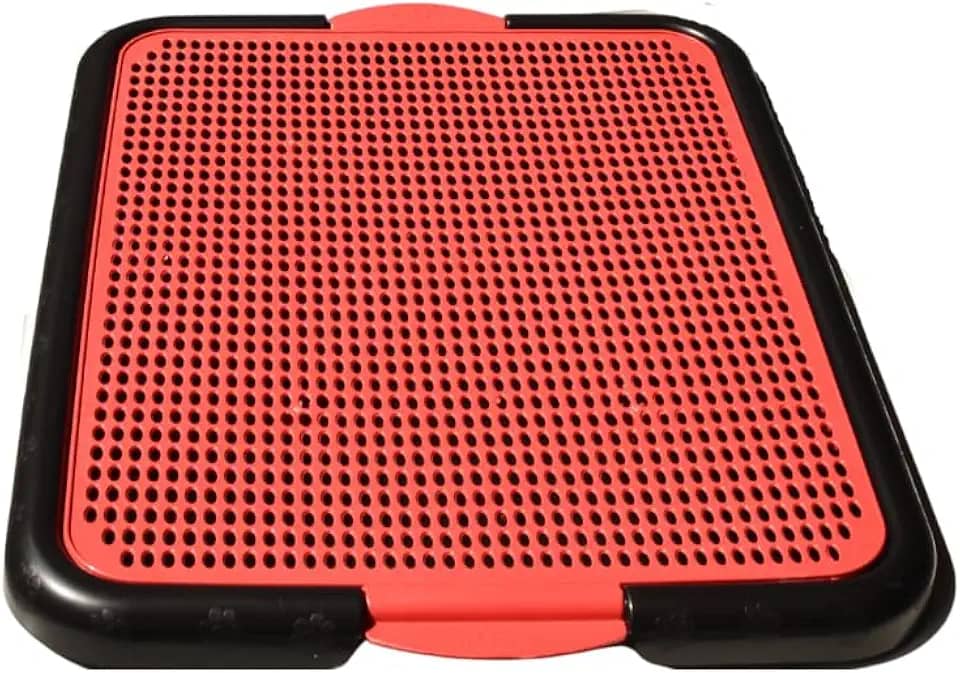 MY PET BRASIL Sanitário para Cães, Xixi Dog, sanitário canino sanitário higiênico para cães, Vermelho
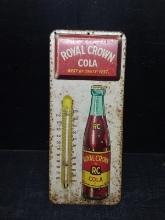 Antique Original Metal Royal Crown Cola Thermometer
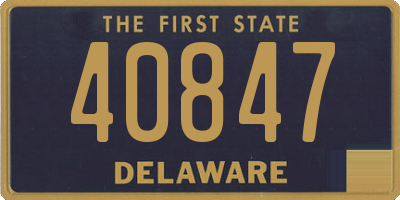 DE license plate 40847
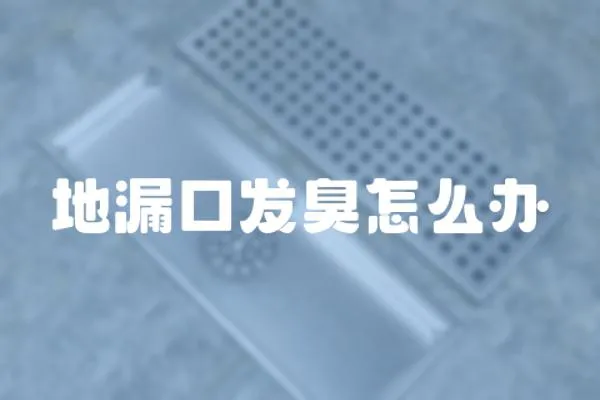 地漏口發臭怎么辦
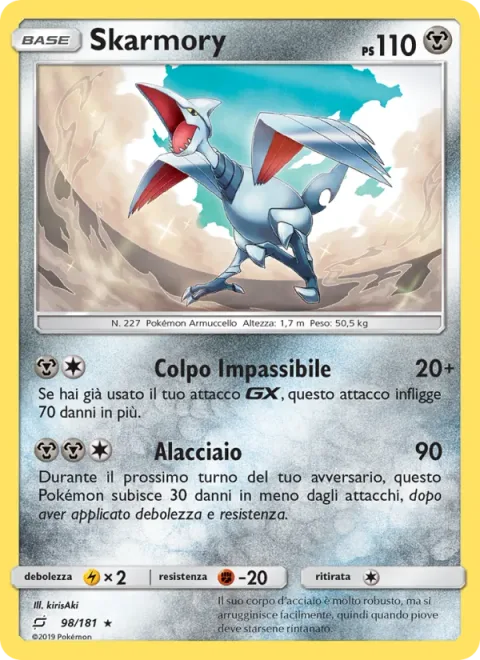Skarmory [Calm Strike | Steel Wing]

- - - - - - -

**What to produce**: Give back only the lines from the one that carries "Antique Original Metal" through the final line above, both included. Drop all pictures.

**Result of this task**:
 Antique Original Metal Royal Crown Cola Thermometer
 DE license plate 40847
 地漏口發臭怎么辦
Skarmory [Calm Strike | Steel Wing]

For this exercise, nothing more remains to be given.